1. Workflows: Durable functions that coordinate business logic 2. Activities: Individual units of work that can fail and retry 3. Workers: Execute workflows and activities 4. Temporal Server: Ensures durability and orchestration

The Temporal Implementation (Go)

// The new way - Durable Execution with Temporal
package main

import (
    "context"
    "fmt"
    "time"

    "go.temporal.io/sdk/client"
    "go.temporal.io/sdk/worker"
    "go.temporal.io/sdk/workflow"
)

// ===== Domain Models =====
type OrderRequest struct {
    CustomerID string
    Amount     float64
    Items      []string
}

type OrderResult struct {
    OrderID       string
    TransactionID string
    TrackingID    string
    Status        string
}

// ===== Workflow Definition =====
// This is the ORCHESTRATOR - it coordinates everything
func OrderWorkflow(ctx workflow.Context, req OrderRequest) (*OrderResult, error) {
    logger := workflow.GetLogger(ctx)
    orderID := workflow.Now(ctx).Format("ORD-20060102-150405")

    // Configuration
    activityOptions := workflow.ActivityOptions{
        StartToCloseTimeout: 30 * time.Second,
        RetryPolicy: &temporal.RetryPolicy{
            InitialInterval:    time.Second,
            BackoffCoefficient: 2.0,
            MaximumInterval:    time.Minute,
            MaximumAttempts:    3,
        },
    }
    ctx = workflow.WithActivityOptions(ctx, activityOptions)

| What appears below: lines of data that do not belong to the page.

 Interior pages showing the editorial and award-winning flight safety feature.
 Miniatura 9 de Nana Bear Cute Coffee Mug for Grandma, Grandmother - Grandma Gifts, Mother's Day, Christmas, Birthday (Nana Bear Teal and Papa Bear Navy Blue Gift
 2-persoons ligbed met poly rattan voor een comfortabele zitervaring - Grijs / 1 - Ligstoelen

    logger.Info("Starting order workflow", "orderID", orderID)

    var result OrderResult
    result.OrderID = orderID

    // Step 1: Process Payment
    var transactionID string
    err := workflow.ExecuteActivity(ctx, ProcessPayment, orderID, req.Amount).Get(ctx, &transactionID)
    if err != nil {
        logger.Error("Payment failed", "error", err)
        result.Status = "payment_failed"
        return &result, err
    }
    result.TransactionID = transactionID
    logger.Info("Payment successful", "transactionID", transactionID)

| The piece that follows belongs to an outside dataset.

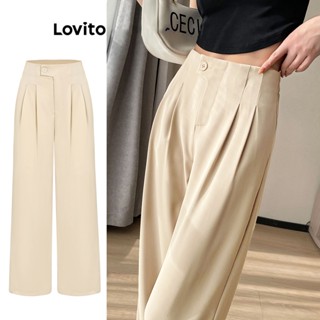 Lovito Casual Lisa Calça Feminina com Botão e Bolso L65ED078 (Damasco)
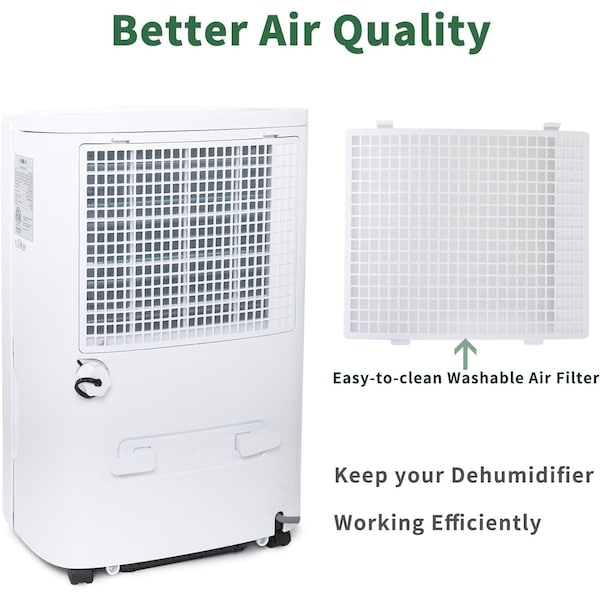Edendirect Dehumidifier, 9.08 pints, White, 9.45 in, 115 V - ED-UDZ1-120P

    // Step 2: Reserve Inventory
    err = workflow.ExecuteActivity(ctx, ReserveInventory, orderID, req.Items).Get(ctx, nil)
    if err != nil {
        logger.Error("Inventory reservation failed", "error", err)

        // COMPENSATION: Refund payment automatically
        var refundID string
        workflow.ExecuteActivity(ctx, RefundPayment, transactionID).Get(ctx, &refundID)

        result.Status = "inventory_failed_refunded"
        return &result, err
    }
    logger.Info("Inventory reserved")

    // Step 3: Create Shipment
    var trackingID string
    err = workflow.ExecuteActivity(ctx, CreateShipment, orderID, req.Items).Get(ctx, &trackingID)
    if err != nil {
        logger.Error("Shipment creation failed", "error", err)

        // COMPENSATION: Release inventory and refund
        workflow.ExecuteActivity(ctx, ReleaseInventory, orderID).Get(ctx, nil)
        var refundID string
        workflow.ExecuteActivity(ctx, RefundPayment, transactionID).Get(ctx, &refundID)

        result.Status = "shipping_failed_compensated"
        return &result, err
    }
    result.TrackingID = trackingID
    logger.Info("Shipment created", "trackingID", trackingID)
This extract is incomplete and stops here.